Ronquillo, C., Stropp, J., Medina, N.G. & Hortal, J. (2023) Exploring the impact of data curation criteria on the observed geographical distribution of mosses. Ecology and Evolution, 13, e10786. doi:10.1002/ece3.10786

Biodiversity data records contain inaccuracies and biases. To overcome this limitation and establish robust geographic patterns, ecologists often curate records keeping those that are most suitable for their analyses. Yet, this choice is not straightforward and the outcome of the analysis may vary due to a trade-off between data quality and volume. This problem is particularly recurrent for less-studied groups with patchy sampling effort. The latitudinal pattern of mosses richness remains inconsistent across studies and these may emerge purely from sampling artefacts. Our main objective here is to assess the effect of different curation criteria on this spatial pattern in the Temperate Northern Hemisphere (above 20° latitude). We contrasted the geographical distribution of moss species records and the latitude-species richness relation obtained under different data curation scenarios. These scenarios comprehend five sources of taxonomical standardisations and eight data cleaning filters. The analyses are based on the selection of well-surveyed cells at 100 km cell resolution. The application of some ‘data curation scenarios’ severely affects the number of records selected for analysis and substantially changes the proportion of richness per cell.
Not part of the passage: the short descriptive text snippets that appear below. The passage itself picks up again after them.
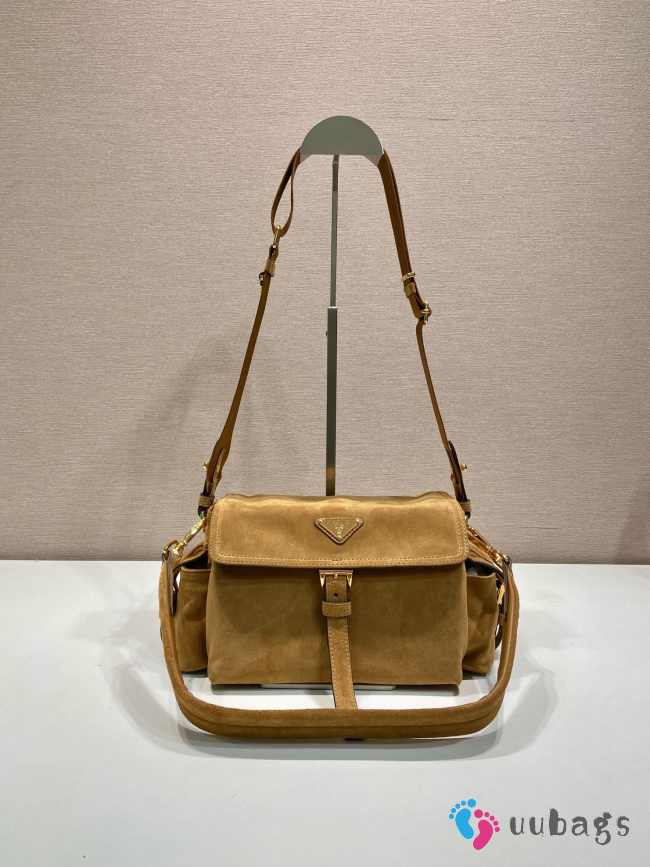 Uubags Prada 1BD394 Explore medium suede bag with flap in light brown 30x14x10cm - 1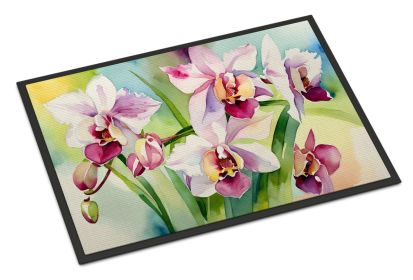Orchids in Watercolor Doormat Front Door Mat Indoor Outdoor Rugs for Entryway, Non Slip Washable Low Pile, 24H X 36W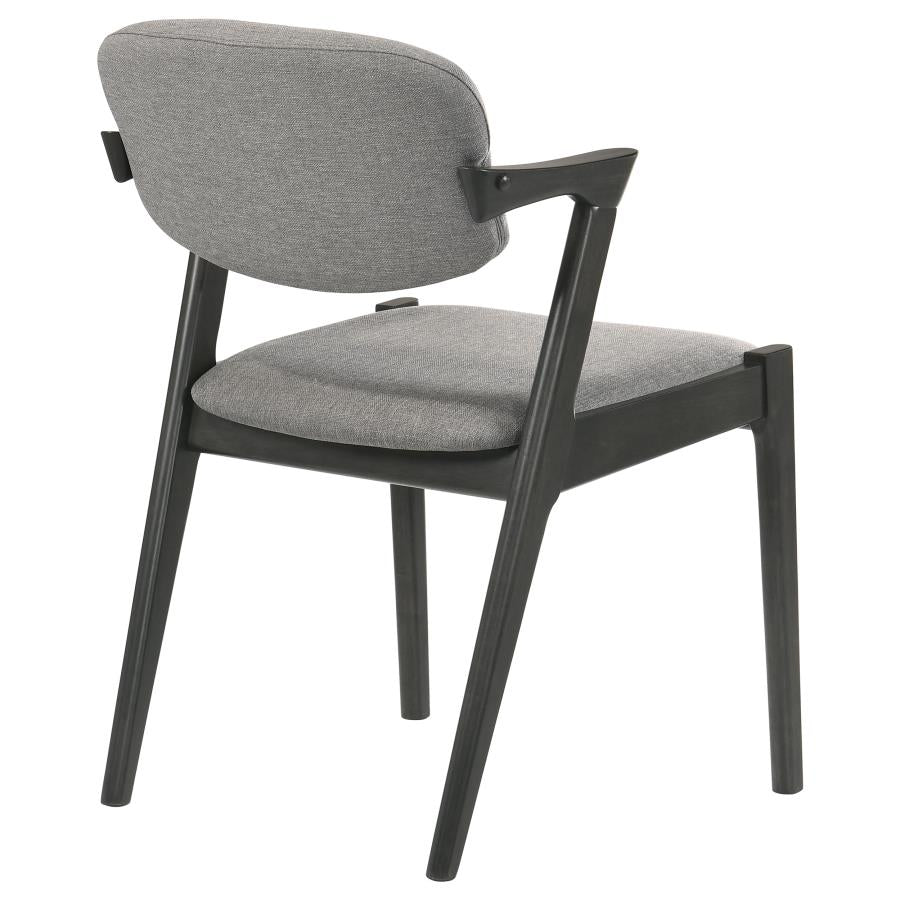 Stevie Padded Wood Dining Arm Chair Black (Set of 2)-8
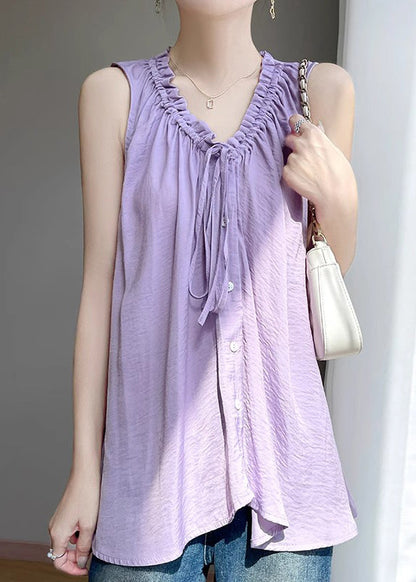 Cotton Solid Purple Up Ruffled Blouses Summer Lace FashionChic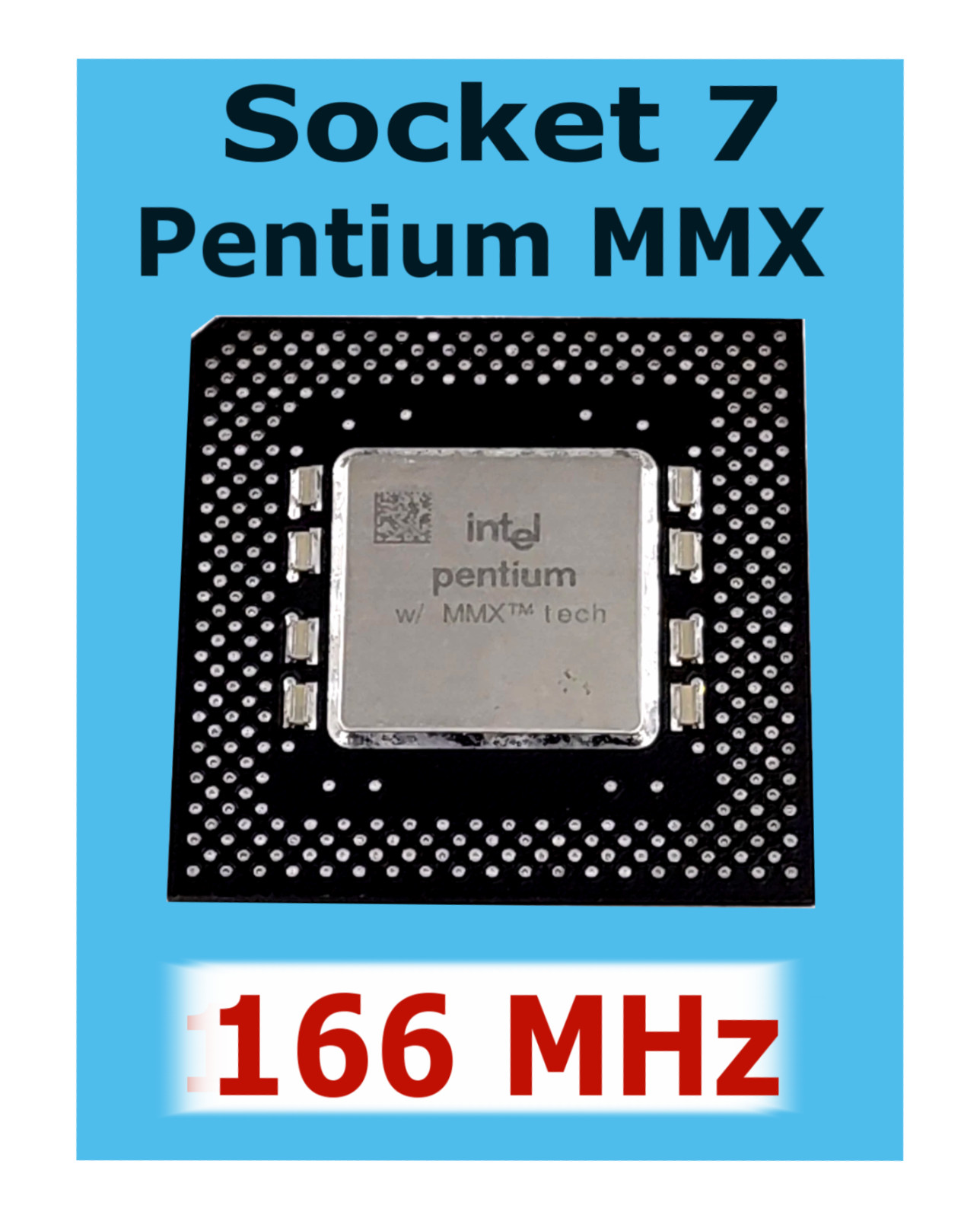Intel Pentium 166 MHz MMX CPU ✔️FV80503166 2.8V✔️+package of heatsink compound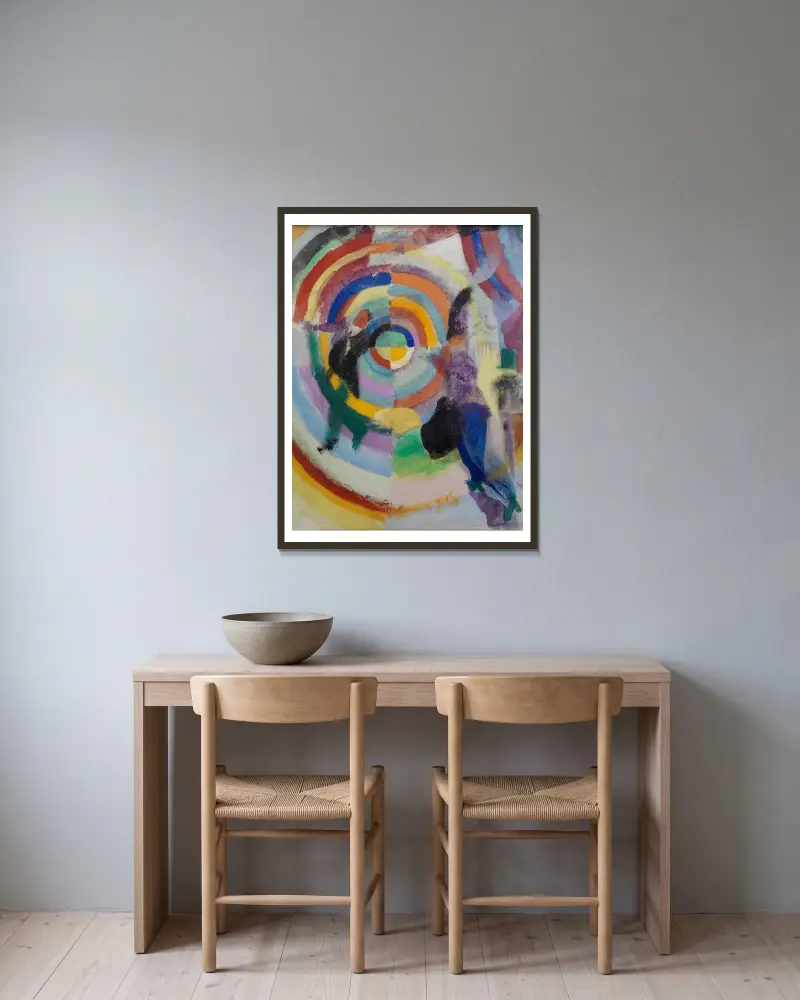 Verbrechen aus Leidenschaft von Robert Delaunay gerahmt an einer Wand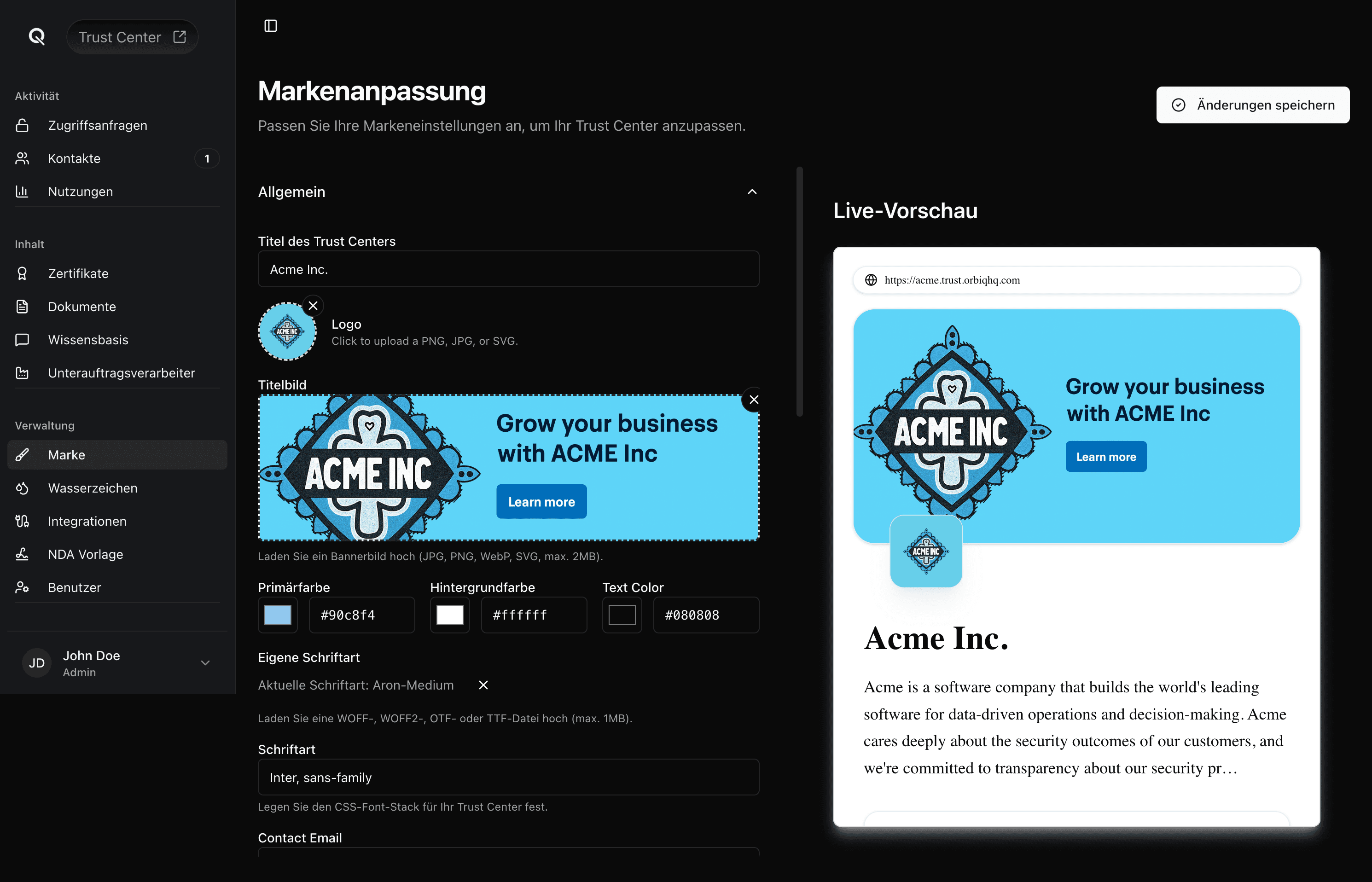 Brand Settings Interface
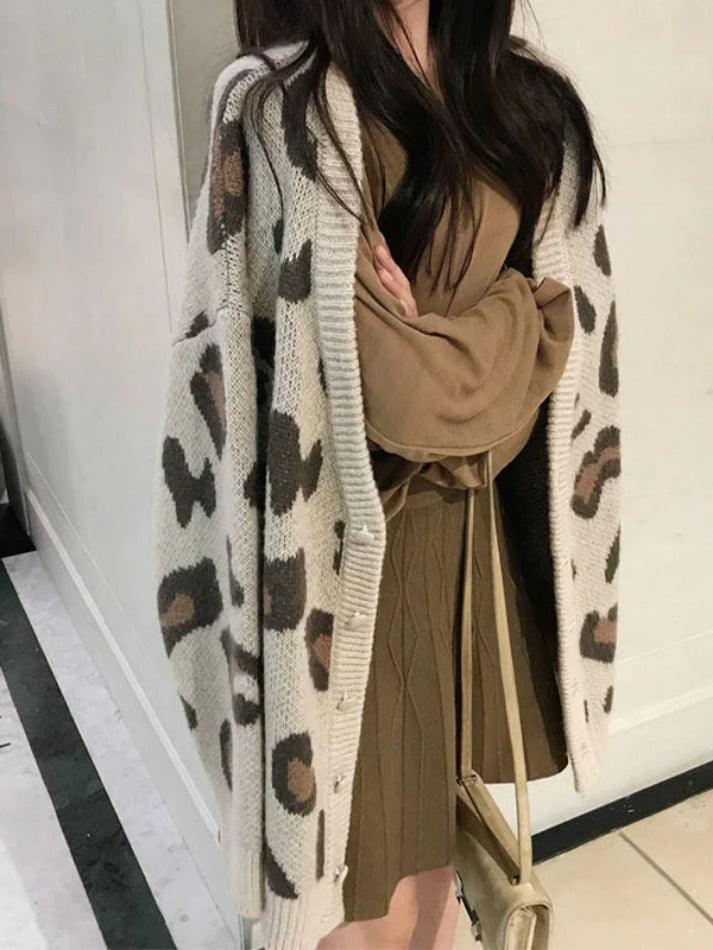 Cardigan ample imprimé léopard-Cardigan-MAUV STUDIO-STREETWEAR-Y2K-CLOTHING
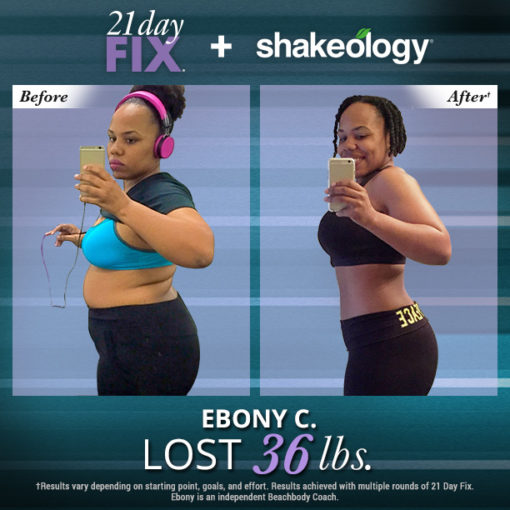 Ebony Lost 36 pounds with a Beachbody On Demand Challenge Pack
The sensitivity to data curation becomes detectable at regional and at the cell scales showing a large shift in the latitudinal richness peak in Europe, from 60° N to 45° N latitude, when only preserved specimens are selected and duplicates based on date of collection and coordinates are excluded. Our results stress the importance of justifying the criteria used for filtering biodiversity data retrieved from biodiversity databases to avoid detecting misleading patterns. Curating records under particular criteria compromises the information in some areas displaying different spatial information of mosses. This problem can be ameliorated if data filtering is combined with identifying well-surveyed cells, render relatively constant results under different combinations of filtering even for less well-known groups such as mosses.